Clariant reports first half year results

Source: jurgenfr – stock.adobe.com

Clariant has announced first half year 2020 continuing operations sales of CHF 1.945 billion, compared to CHF 2.229 billion in the first half year 2019. This corresponds to a decrease of 5 % in local currency due to lower demand and 13 % in Swiss francs, attributable to unfavorable currency developments.

The Group was confronted by a significantly lower demand environment in several segments in the first half year 2020 as a result of the COVID-19 pandemic. Therefore, these results are noteworthy and underpin the fact that measures to minimise the impact of this pandemic are fully in place based on a strong balance sheet and liquidity position. Clariant continues to ensure employee safety first while concurrently running business continuity programs and implementing cash as well as cost measures.

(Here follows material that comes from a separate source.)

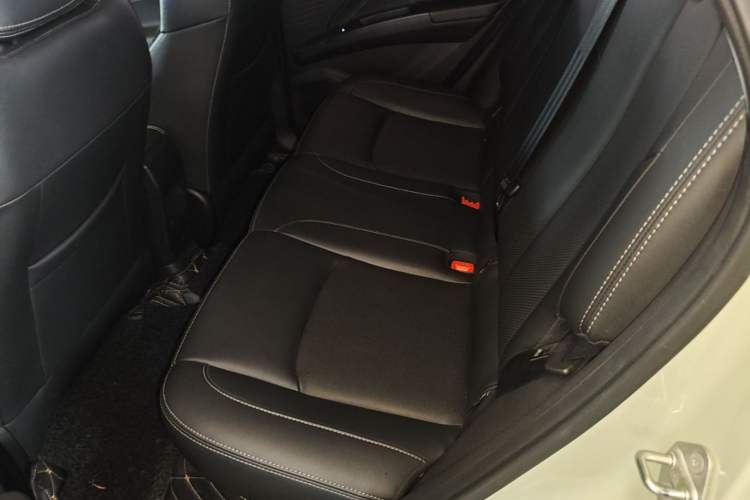 Used NETA V 2022 Chao 400 Lite Left Rear Seat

Middle East & Africa and Asia remain resilient

In the first half year, the Middle East & Africa as well as Asia remained resilient, with China and Southeast Asia demonstrating solid growth. Sales in Latin America increased in local currency, while Europe and North America weakened more significantly due to demand declines across all business areas.

In the first half 2020, care chemicals sales declined by 6 % in local currency due to weather-related weak aviation demand in the first quarter, which could not be compensated for by the strong expansion in consumer care in the second quarter. The catalysis business area’s top line declined by 4 % in local currency amid the temporarily muted demand environment in the chemical industry, whereas the second quarter improved over the first. Natural resources was impacted by the weakening end-market demand and pressure on volumes in oil and mining services in the second quarter in particular. This resulted in a sales decline of 5 % in local currency in the first half of 2020.

Efficiency program will be resumed

As a consequence of this economic development, Clariant will resume its efficiency program, originally announced in February 2020. As previously disclosed, these measures will lead to a workforce reduction of approximately 600 positions and a cost base reduction in excess of CHF 50 million for the continuing business over the next two years.